- _TASK OBJECTIVE_: The copy should hold exactly the lines below from the one that contains "A Little Kitchen" through the one that contains "Photo 1 of Piggy" and nothing else, so no pictures.

- _AVAILABLE DATA_:
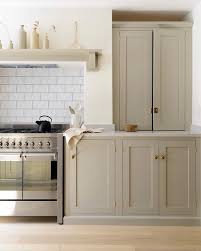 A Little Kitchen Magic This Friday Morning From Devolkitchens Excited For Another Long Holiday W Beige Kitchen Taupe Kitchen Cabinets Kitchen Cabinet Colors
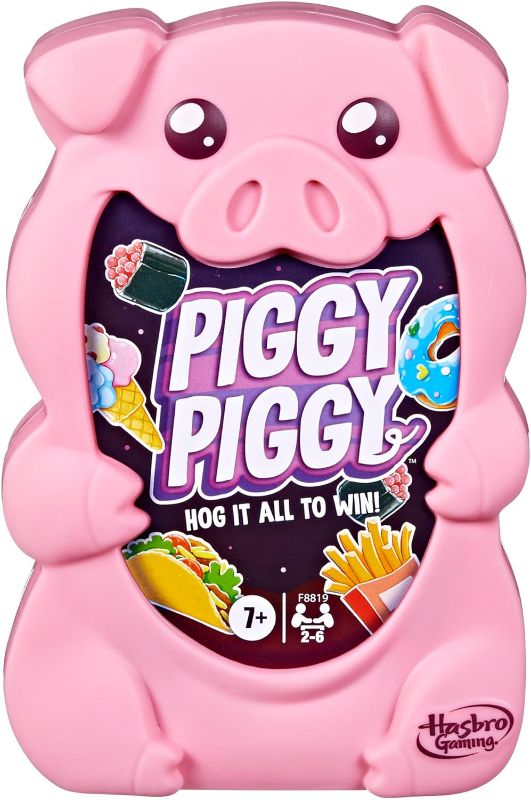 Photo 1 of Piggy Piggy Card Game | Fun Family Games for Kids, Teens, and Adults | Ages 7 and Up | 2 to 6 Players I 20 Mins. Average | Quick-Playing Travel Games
* * *
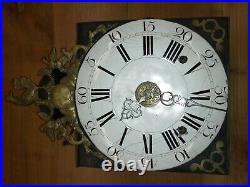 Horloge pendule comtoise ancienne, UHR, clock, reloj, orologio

- _SOLUTION TO THIS TASK_:
 A Little Kitchen Magic This Friday Morning From Devolkitchens Excited For Another Long Holiday W Beige Kitchen Taupe Kitchen Cabinets Kitchen Cabinet Colors
 Photo 1 of Piggy Piggy Card Game | Fun Family Games for Kids, Teens, and Adults | Ages 7 and Up | 2 to 6 Players I 20 Mins. Average | Quick-Playing Travel Games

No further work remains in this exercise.